Four million Canadians, including 1.15 million children, lived in households that struggled to afford the food they needed in 2012.
The report demonstrates for the first time ever the extent to which our cities are struggling with the problem. Among the 33 major census metropolitan areas examined, food insecurity in 2011-12 was highest in Halifax, affecting about 1 in 5 households, and lowest in Sherbrooke, Quebec City, Hamilton and Greater Sudbury, where 1 in 11 households were food insecure.
Also a first, the report presents the rate of food insecurity among black people in the country. The extreme vulnerability of this ethnic/racial group that is shared only by Aboriginal peoples. In 2012, 28% of households with a black or Aboriginal respondent were food insecure. This is more than double the national average (12.6%).
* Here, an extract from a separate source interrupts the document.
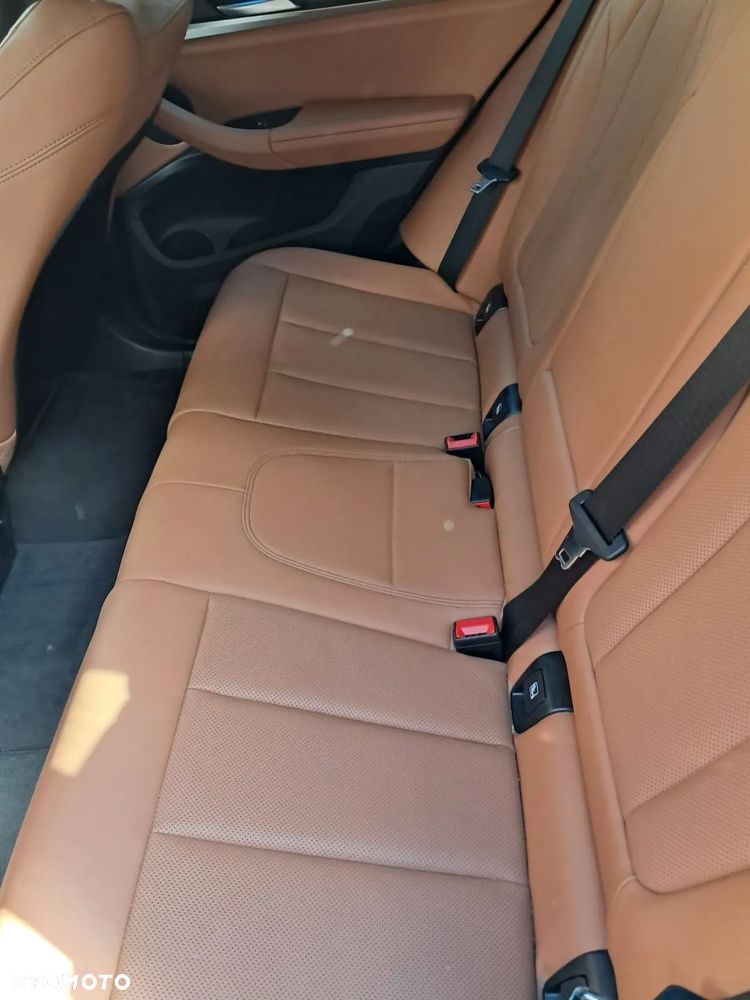 BMW X3 xDrive20i - 8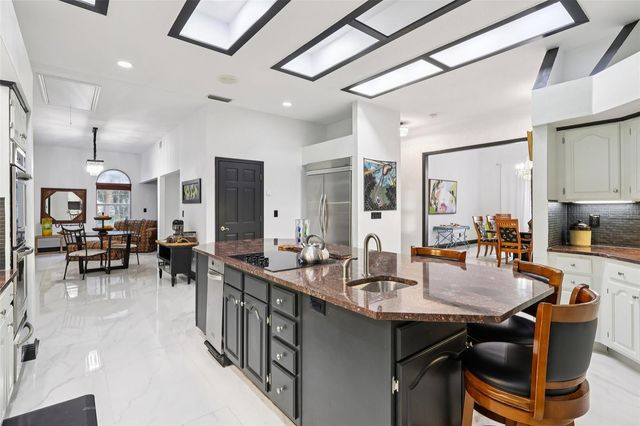 16400 LAKESHORE DRIVE, Minneola, FL 34715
According to the report, the majority of food insecure households in Canada are working, calling into question the adequacy of existing government programs (such as the working income tax benefit) to compensate for the limited income associated with low waged, part-time, and insecure employment that many Canadian households rely on to feed their families. At the same time, 70% of households reliant on social assistance were food insecure in 2012, documenting the failure of these programs to enable sufficient access to food.
Comments on the report:
Bernie Pauly, RN, PhD, Associate Professor, School of Nursing, University of Victoria
Scientist, Centre for Addictions Research of BC
“This report is ground breaking in highlighting the serious concerns about the high rates of food insecurity in Canada. The information in the report is extremely valuable to communities for understanding the scope of the problem in their region. This kind of information is critically important for drawing attention to and generating action on the high rates of food insecurity that are and should be unacceptable to everyone in Canada”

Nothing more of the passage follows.